I’ve been a Christian all my life, but sometimes things that should have been obvious before hit me for the first time. Today as I was reading in Exodus, the words jumped off the page that Moses wandered over to Horeb—THE MOUNTAIN OF GOD.
This isn’t the first mountain mentioned in the Bible, but I can’t imagine any higher honor you could bestow on one. Moriah and Ararat were kind of a big deal, but this—THIS is the mountain of God.
So I did a little searching to see where else this mountain comes up. The context I was reading was the appearance of the burning bush, which is already exciting. Right off the bat I realized this is what I always thought was Mt. Sinai. (I guess it must have really been the mount at Sinai all along. Oops.) So this is where Moses receives the 10 commandments and the covenant, where he sees a glimpse of God’s glory, where God speaks to the people of Israel and they are terrified and beg not to deal directly with Him. It was at the foot of this mountain where the golden calf was built. The covenant and its breaking happened in the same place at the same time at the mountain of God.
But it gets better.
This is also the mountain Elijah flees to in 1 Kings 19:8, where Elijah also speaks with God. So Moses and Elijah both spoke with God at Horeb—no one else is specifically mentioned in the Bible as having done so. Is it any coincidence that Moses and Elijah will speak with God again—together—at the mount of Transfiguration?
But that’s not all.
Horeb is also where Moses struck the rock and water flowed out (Exodus 17:6).
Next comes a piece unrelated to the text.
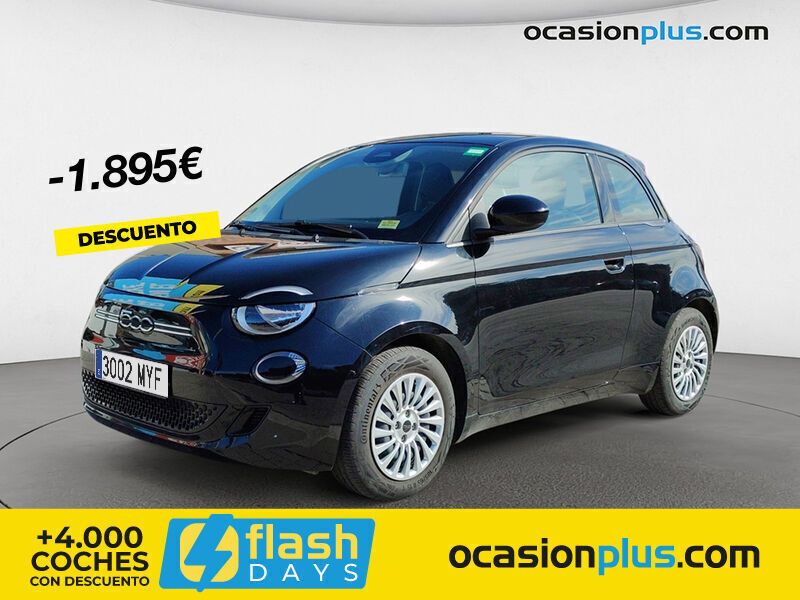Negro Usado 2022 Fiat 500e Icon Utilitario | 14.450 € (Precio justo) - Imagen 1/4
How did I not see this? The rock Moses struck was on the mountain of God! Water flowed out from the rock on the mountain of God! Water would flow from another rock somewhere else, and Moses wasn’t supposed to strike that rock; there was something unique about striking this one. This rock—and I won’t get into the relationship between the mountain and the rock because you get the picture—was on the mountain of God. God’s presence was there, Immanuel—God with us. Moses has become synonymous with the Law, and Moses strikes this rock. Water flows out for the life of the people of God.
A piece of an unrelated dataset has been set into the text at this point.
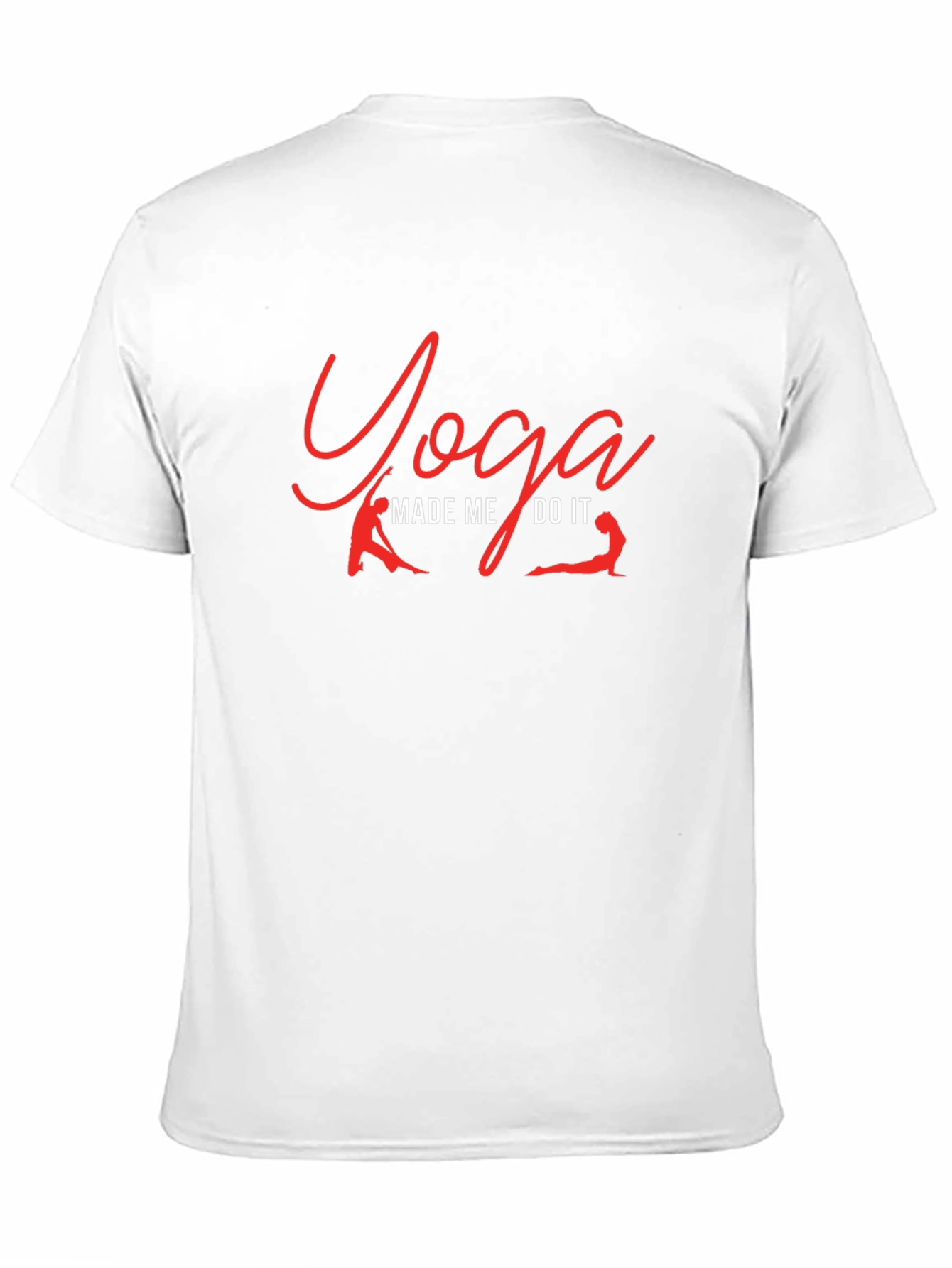Yoga Made Me Do It T-Shirt Black Casual Wear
Where else have I heard a rock stricken, out of which flowed water for life? Jesus—the stone the builders rejected—stricken for our sake, punished under the law even though He was innocent. Jesus, the One who promised living water that we may drink and never die (John 4). By His wounds we are healed.
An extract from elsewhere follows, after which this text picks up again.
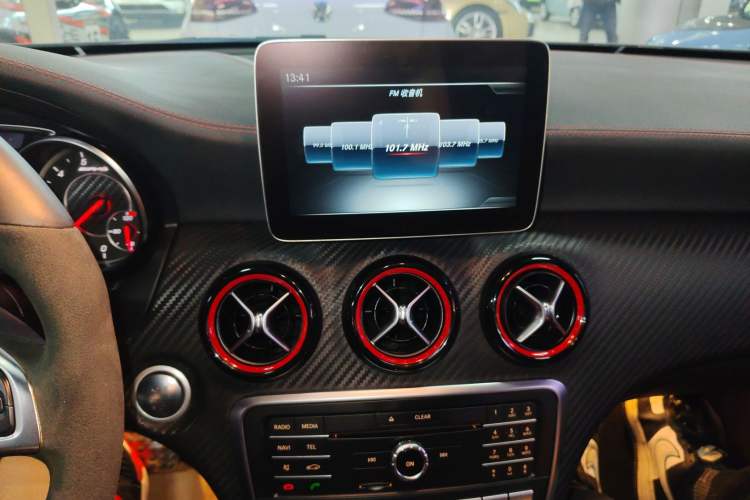 Used Mercedes-Benz A AMG 2017 AMG A 45 4MATIC Audio And AC Panel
But this water isn’t just associated with life but with the Holy Spirit, the counselor who would come after Jesus departed (John 16:7). He is sometimes symbolized by water. The Holy Spirit would not be “poured out” upon us unless and until the rock had been stricken.
God could have provided water for His people any way He wanted, but He chose this specific image because of what it would come to mean later. And so just as the covenant was made and broken on one mountain, so it would be kept and restored on another mountain—Golgotha.